Para a criação do Parque Estadual Marituba (PEMA), prevê-se a Aquisição de terras (regularização fundiária); Elaboração do Plano de Manejo; Instalação de pórtico e reforço do cercamento com estacas e fios de arame farpado em uma extensão de 9.951,14 m lineares,nos municípios de Barra dos Coqueiros e Santo Amaro das Brotas.

O Diretor-presidente da Adema,Gilvan Dias,explica que outra unidade de conservação a ser beneficiada é a Área de Proteção Ambiental Morro do Urubu. “Existe o projeto para revitalizar e fortalecer a estrutura do Parque Governador José Rollemberg Leite (Parque da Cidade),situado no bairro Industrial,na Zona Norte de Aracaju.Neste sentido,já foram destinados recursos para a elaboração do Plano de Manejo e reforma de todo o parque, tendo já sido instalado por parte da Adema, o Centro de Tratamento de Animais Silvestres (Cetas),porém, não tendo sendo utilizado o recurso do TCCA 02/2020”, frisa.   

Em uma ação de apoio ao município de Barra dos Coqueiros, foi elaborado o estudo técnico para a criação da Unidade de Conservação, Área de Relevante Interesse Ecológico dos Manguezais, pioneira na categoria de unidade, sendo gerida por um município.

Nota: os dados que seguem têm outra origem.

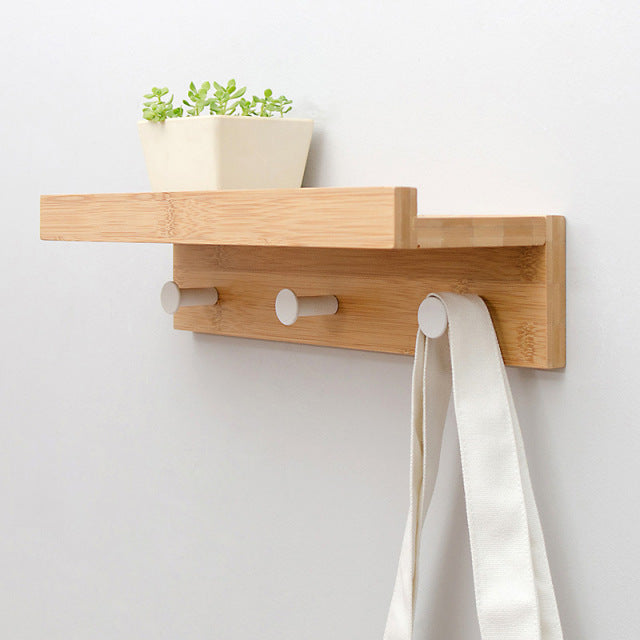 Bamboo Floating Wall-Mounted Rack Coat Hook Rack Towel Hanger Holder European Style Dress Coat Hook Wall Door Hat Hanger-1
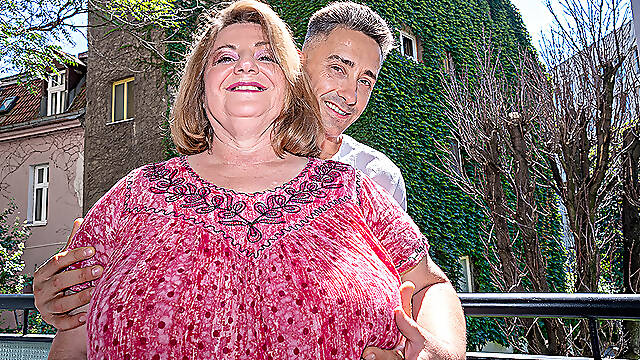 Huge breasted mature BBW fucking a muscled younger man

Nas Unidades de Conservação de Proteção Integral estaduais já consolidadas: Refúgio de Vida Silvestre Mata do Junco (RVS) em Capela e Monumento Natural Grota do Angico (MONA), no município de Poço Redondo, estima-se a revisão dos Planos de Manejo,instalação de cercas com fios de arame e reforma administrativa das suas sedes, em fase final de cotação, com previsão de início das obras para o mês de outubro de 2021.

Em relação a Unidade de Conservação Estadual de Uso Sustentável, situada entre os municípios de Capela e Siriri, para a consolidação da unidade de conservação Área de Relevante Interesse Ecológico Mata do Cipó (ARIE), estão previstos a elaboração dos Planos de Manejo e a instalação de cerca com estaca e fios de arame,enquanto que na Área de Proteção Ambiental Litoral Sul, o objeto em questão é a elaboração do Plano de Manejo, em fase dos ajustes finais.

No que se refere ao comando e controle das áreas protegidas pelo Estado, o foco está na fiscalização e no monitoramento remoto à essa fiscalização, sendo previstas para essas ações, a aquisição de quatro veículos traçados, equipamentos de proteção individual e fardamento específicos, dois drones e equipamentos de informática.